NASA will launch five rockets in five minutes between March 14 and April 3 to study high-speed winds 65 miles (105 kilometers) above the Earth's surface. People along the Eastern Seaboard from North Carolina to New York will be able to see the rockets launched from Virginia's Wallops Flight Facility head towards the upper atmosphere.
The five rockets will collect information about the high-altitude jet stream, an area of high-speed winds commonly referred in weather forecasts, according to a NASA statement. Winds in the high-altitude jet stream typically reach 300 mph (480 km/h).
NASA will use five sounding rockets, rockets specifically made for sub-orbital research, to study the high-altitude jet stream. Two of the rockets will measure the atmospheric pressure and temperature of the jet stream.
Once in the jet stream, all five rockets will release a chemical that forms milky, white clouds called tracers. The tracer clouds will allow NASA researchers to see the winds. People from South Carolina to New England will be able to see the clouds as well.
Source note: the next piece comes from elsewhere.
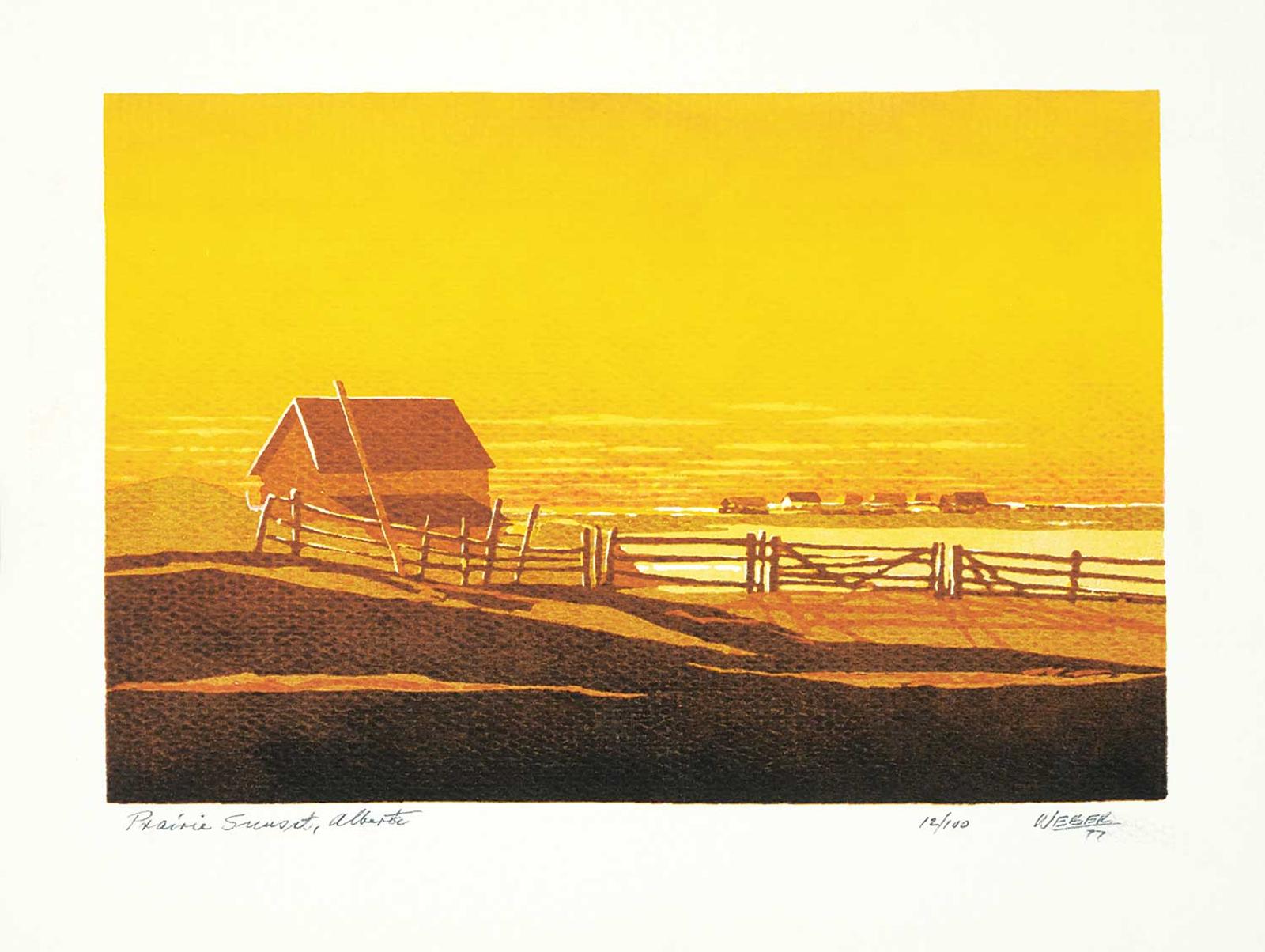 George Weber (1907-2002) - Prairie Sunset, Alberta  #12/100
The tracer clouds will be visible for 20 minutes after the rockets are launched.
The high-altitude jet stream is found in the same area is the ionosphere, a part of the atmosphere where strong electrical currents occur. Electrical currents in the ionosphere can disrupt satellite and radio communications and GPS signals.
NASA conducted a similar experiment in 2009 when the organization launched six rockets from Poker Flat Research Range in Alaska to study the ionosphere. The clouds created by the rockets pretty much filled up a big part of the sky, Gerald Lehmacher, the lead researcher for the experiment, said in a 2009 press release.